Theatre Review: Mother Courage & Her Children @ NT

By philosophie Last edited 173 months ago
Theatre Review: Mother Courage & Her Children @ NT

jpeg-4-Mother-Courage-photo-by-Anthony-Luvera-(1).jpg
Mother Courage image by Anthony Luvera

From the moment Mother Courage explodes on the stage in a dazzling light display - music escorting her every strut, bellowing a song that could come straight from a Nick Cave songbook - the audience sits up and takes notice. But at more than three hours long, sheer spectacle wears thin in this fascinating but flawed revival of Bertolt Brecht's play.

The wartime setting is sixteenth-century Germany, but Mother Courage & Her Children was inspired by the start of the Second World War. Under Deborah Warner's direction, time zones are similarly merged. Props and costumes have a contemporary twist. Mother Courage dresses in floaty fabric with cut-off denim and leather: think peasant meets rock chick. These anachronisms give the play universality: if it seems relevant, that's just because there is always war somewhere.

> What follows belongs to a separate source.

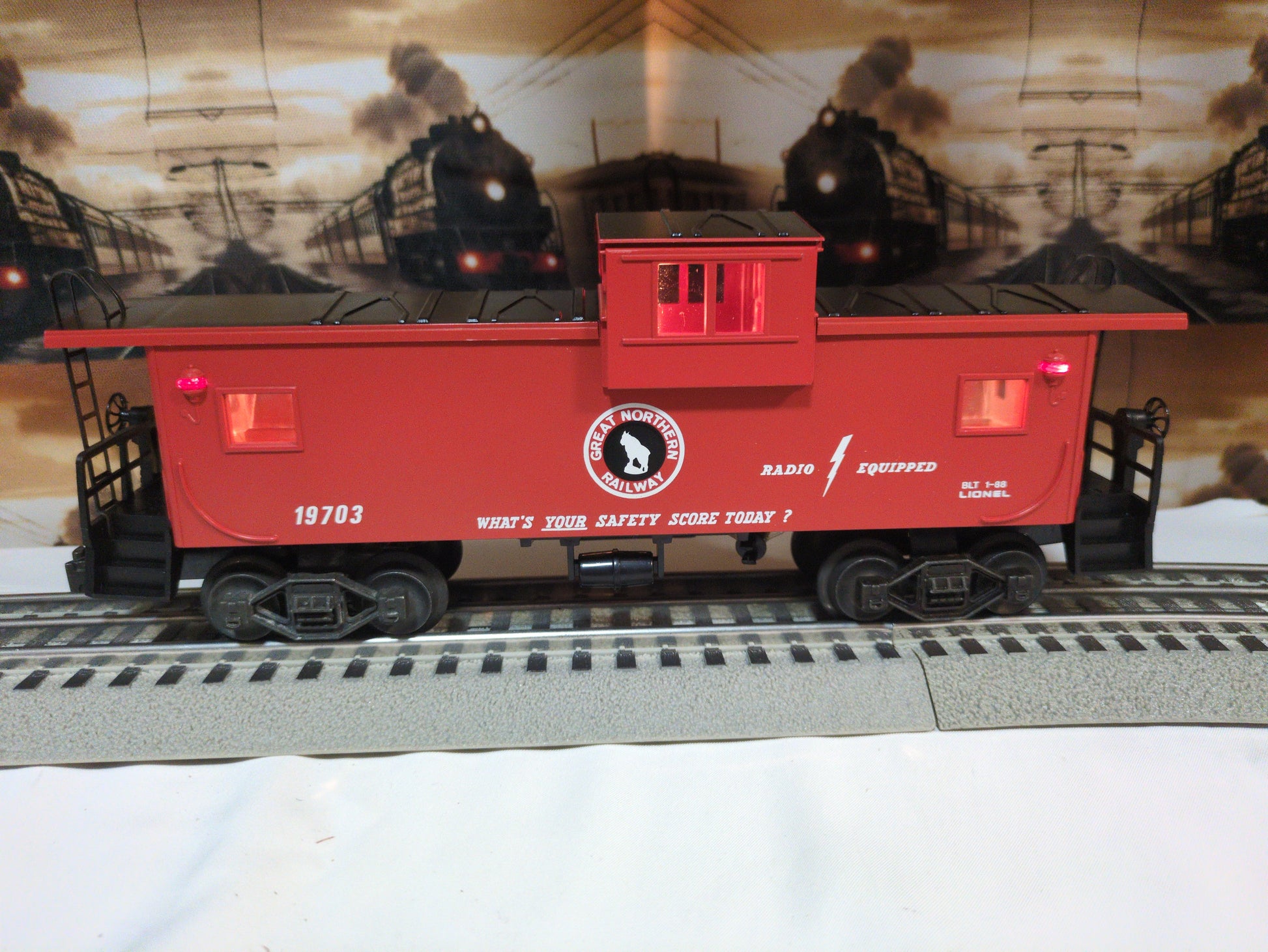 Lionel Great Northern Extended Vision Caboose 6-19703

A couple of memorable scenes match the horror of this message, but much feels a little removed, despite a fast, frenetic style and fresh translation by Tony Kushner. Fiona Shaw's Mother Courage veers the wrong side of comic, full of ticks and slapdash. She never seems "strong" enough to portray the contradictions of a character that prospers from the carnage, but cannot shake her maternal instinct.

Warner also sticks faithfully to Brecht's "epic theatre" - essentially, that theatre should flaunt its artifice and stir the intellect, not the heart. Some sound effects come from a man with a microphone. Technicians and stagehands dash across the stage. And every scene has a song to disconcert you.

The original score is sung and composed by Duke Special - a Boy George/Gary Numan figure who looms over the action like a catalyst for the characters' inner thoughts and dreams. His lyrics hint at the despair of the pastor. A bawdy, one-dimensional prostitute becomes someone who has loved and lost and yearned.

It may not be what Brecht would have wanted, but these songs offer an emotional connection and are the best thing in a play that is sometimes more style than substance.

Mother Courage & Her Children is playing at the National Theatre until 8 December.